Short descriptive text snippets
^^^^^^^^

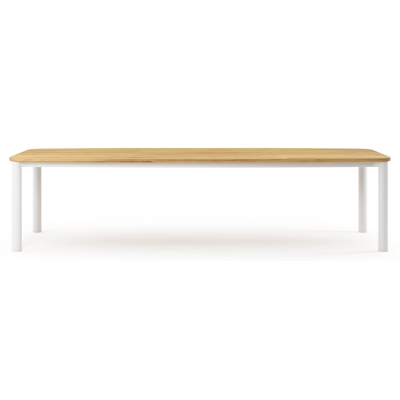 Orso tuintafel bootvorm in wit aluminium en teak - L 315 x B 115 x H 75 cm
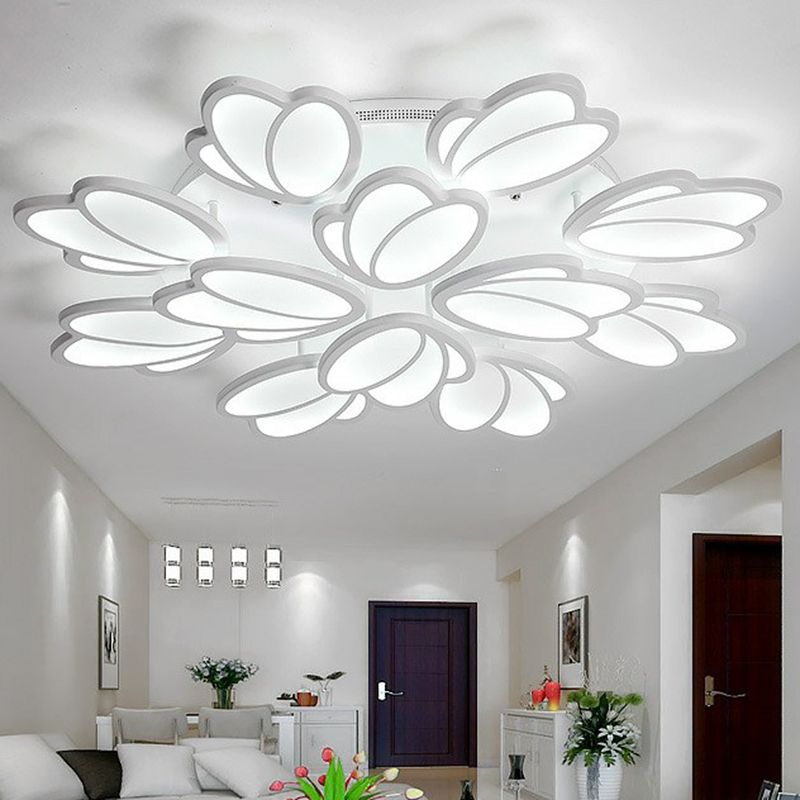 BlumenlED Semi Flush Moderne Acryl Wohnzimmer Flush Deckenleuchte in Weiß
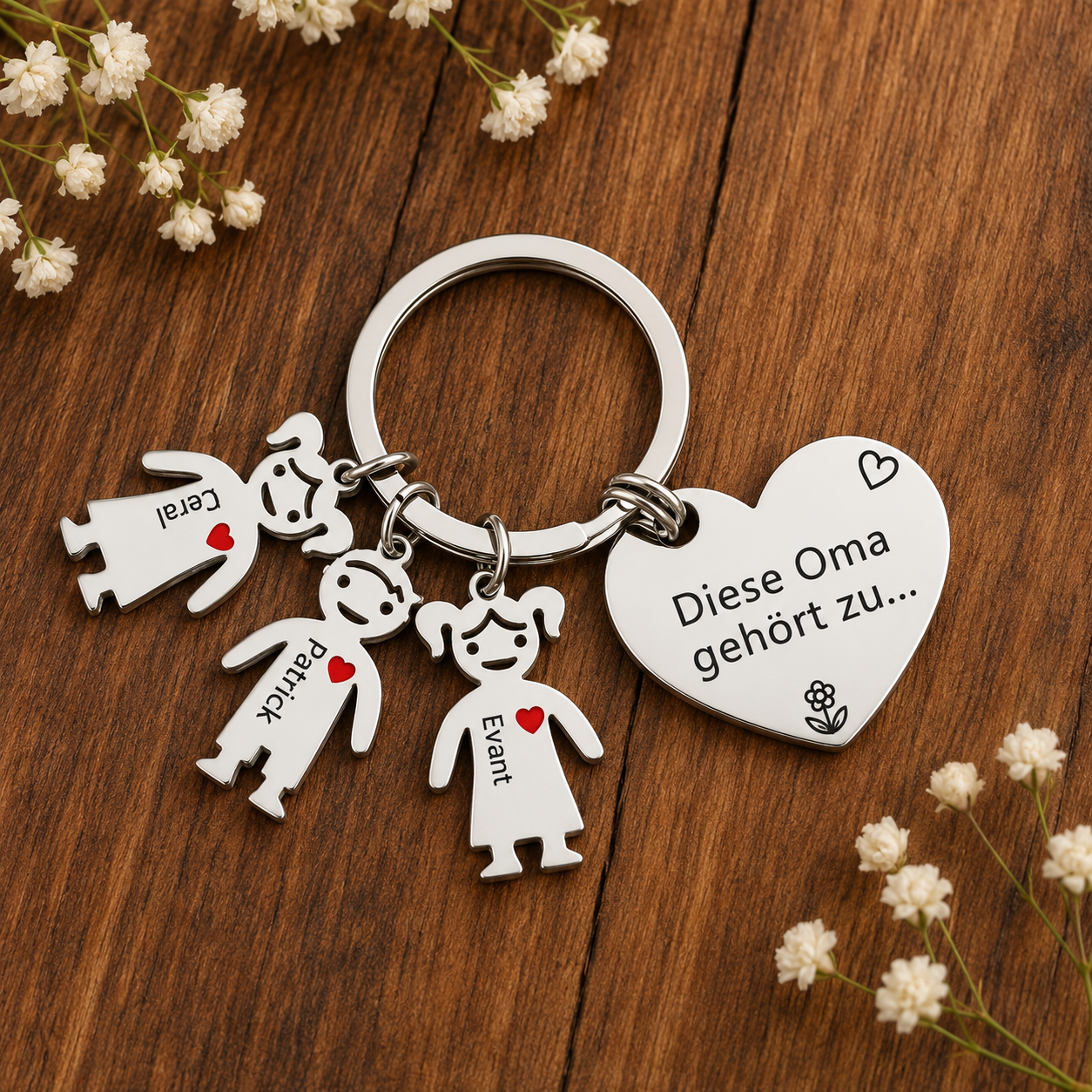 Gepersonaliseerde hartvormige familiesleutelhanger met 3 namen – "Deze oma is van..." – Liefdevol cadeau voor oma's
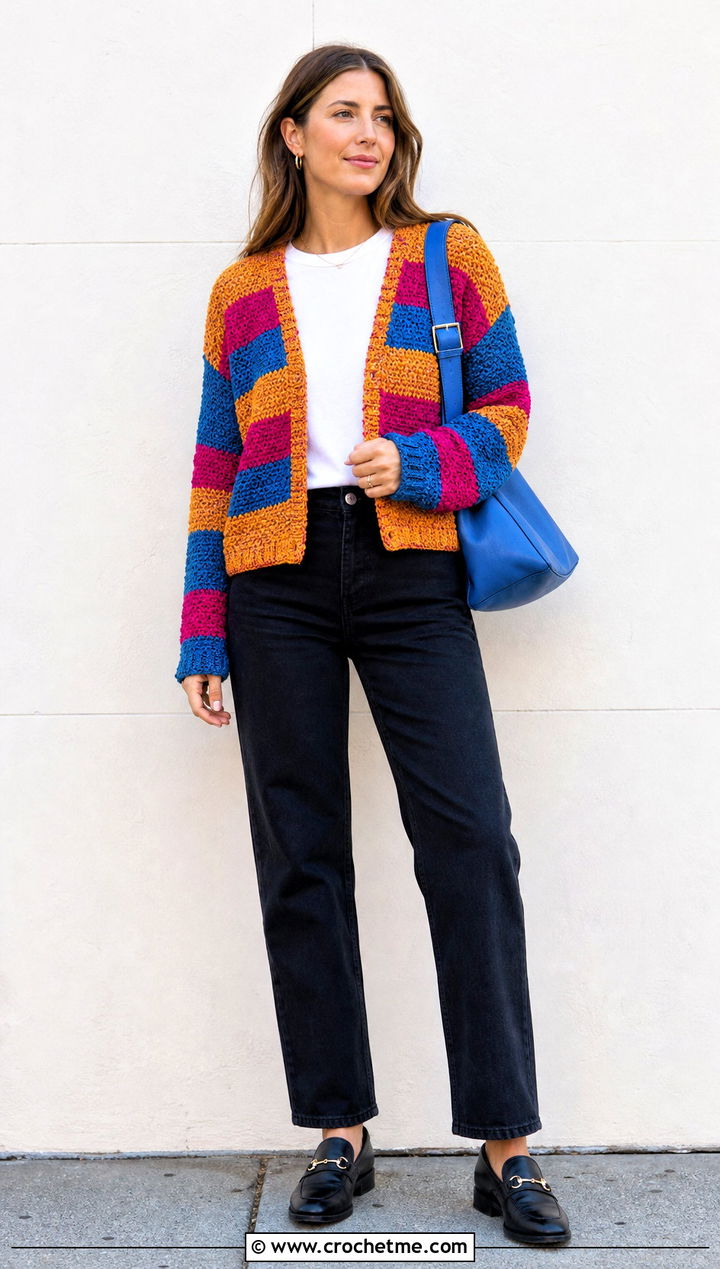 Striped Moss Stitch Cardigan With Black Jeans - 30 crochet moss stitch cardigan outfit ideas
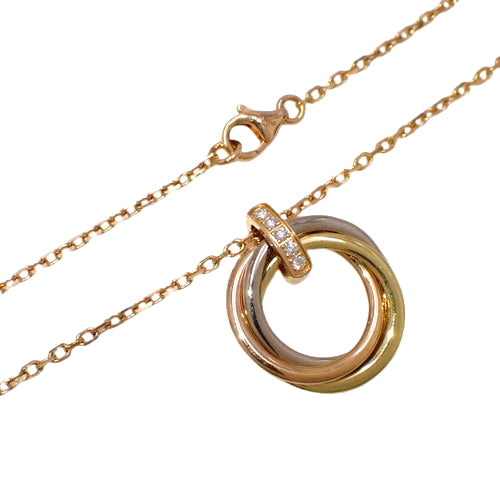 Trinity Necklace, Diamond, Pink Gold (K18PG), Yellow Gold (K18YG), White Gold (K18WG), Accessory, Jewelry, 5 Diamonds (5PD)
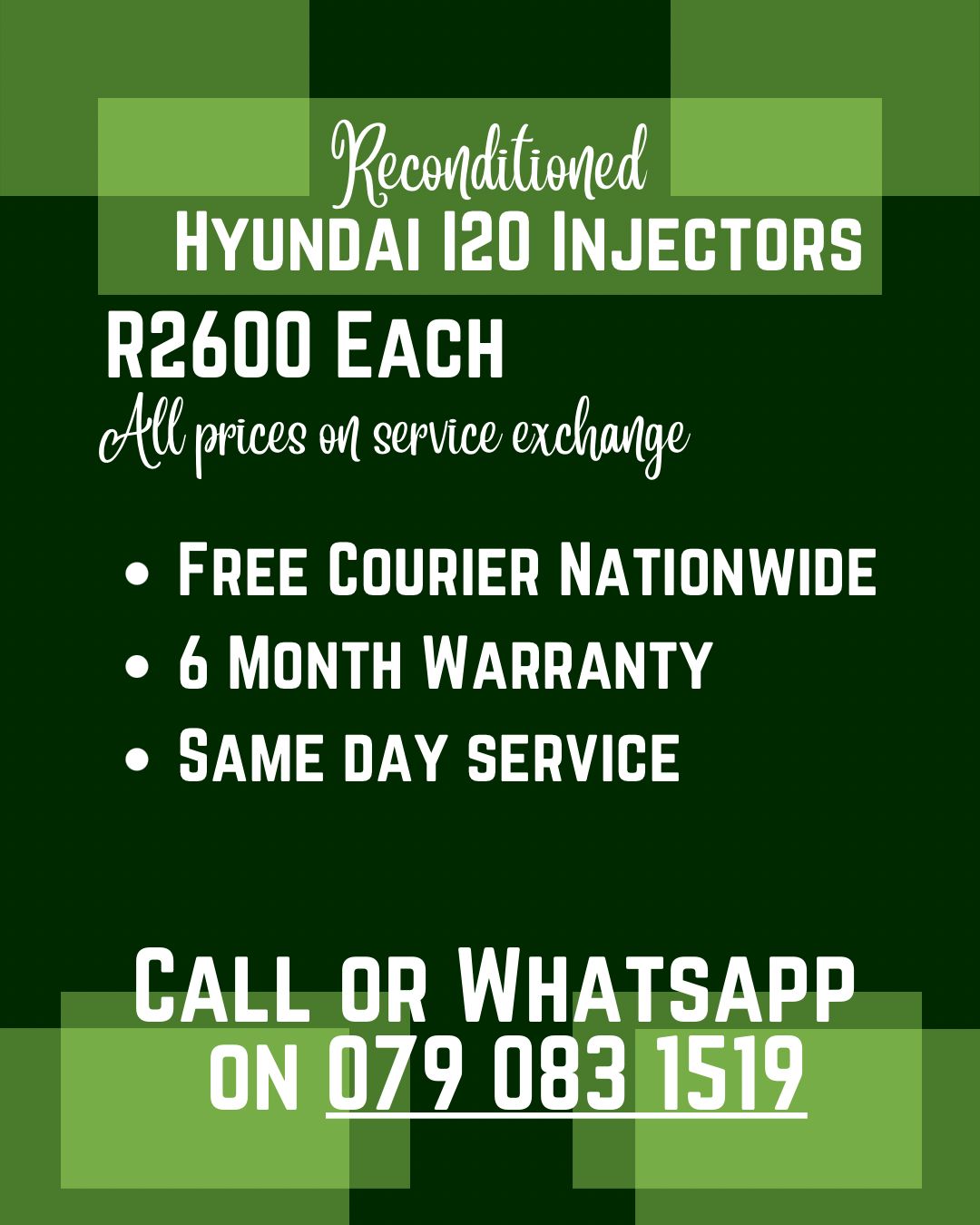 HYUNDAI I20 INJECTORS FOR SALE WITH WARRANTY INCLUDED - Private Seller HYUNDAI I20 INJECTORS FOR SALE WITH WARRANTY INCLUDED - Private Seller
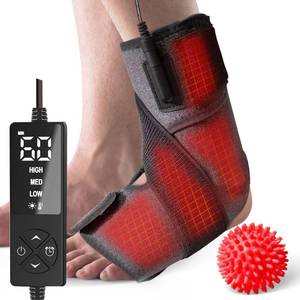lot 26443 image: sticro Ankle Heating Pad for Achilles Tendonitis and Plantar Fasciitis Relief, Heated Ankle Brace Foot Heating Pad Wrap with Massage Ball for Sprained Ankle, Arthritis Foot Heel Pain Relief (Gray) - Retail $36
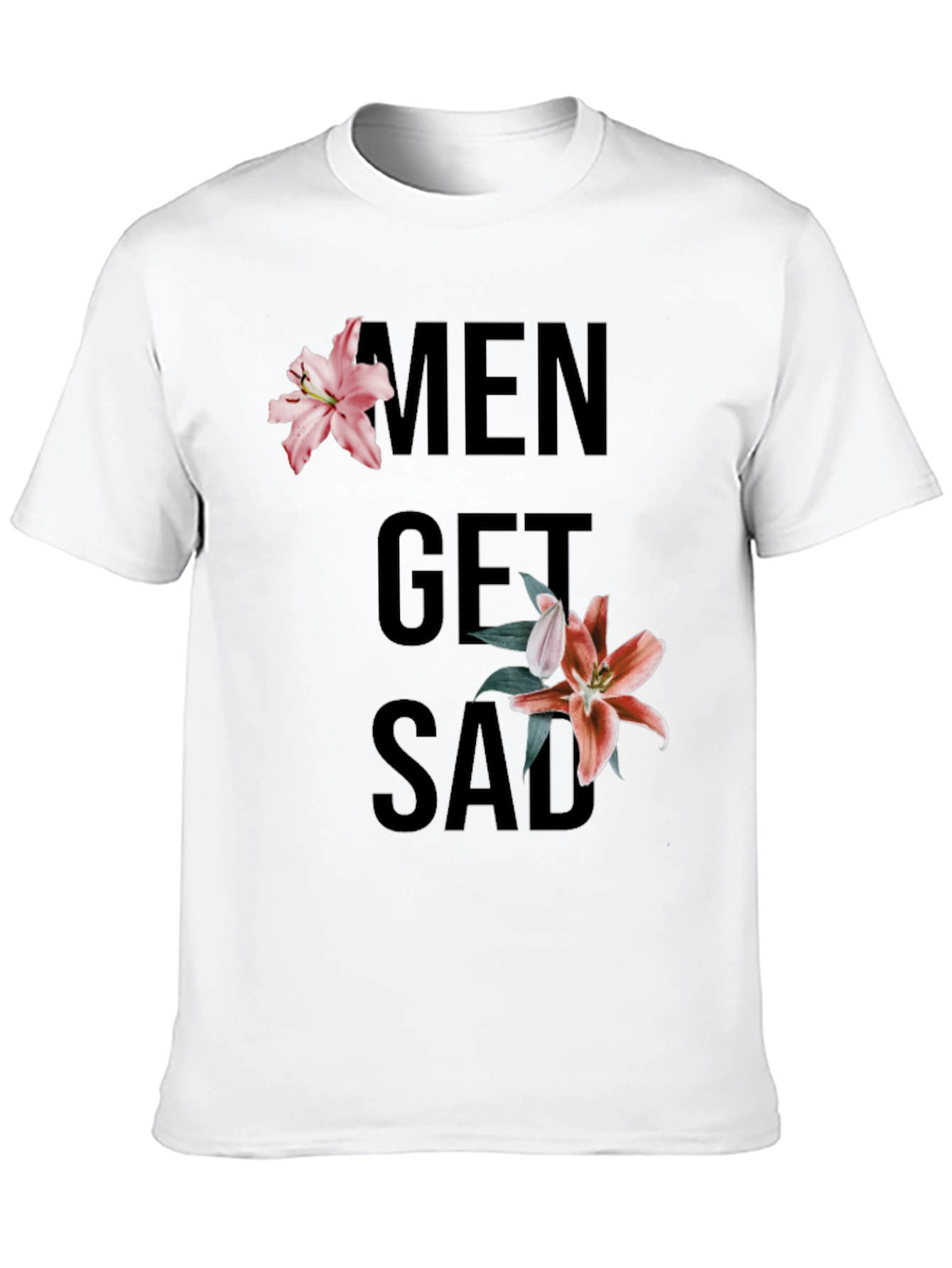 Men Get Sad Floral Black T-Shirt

^^^^^^^^

→ **ACTIVITY**: Among the entries above, locate the line with "Striped Moss Stitch" and the line with "Trinity Necklace, Diamond, Pink". Give those two lines and all lines between them again, exactly, leaving out the pictures.

→ **THE ANSWER**:
 Striped Moss Stitch Cardigan With Black Jeans - 30 crochet moss stitch cardigan outfit ideas
 Trinity Necklace, Diamond, Pink Gold (K18PG), Yellow Gold (K18YG), White Gold (K18WG), Accessory, Jewelry, 5 Diamonds (5PD)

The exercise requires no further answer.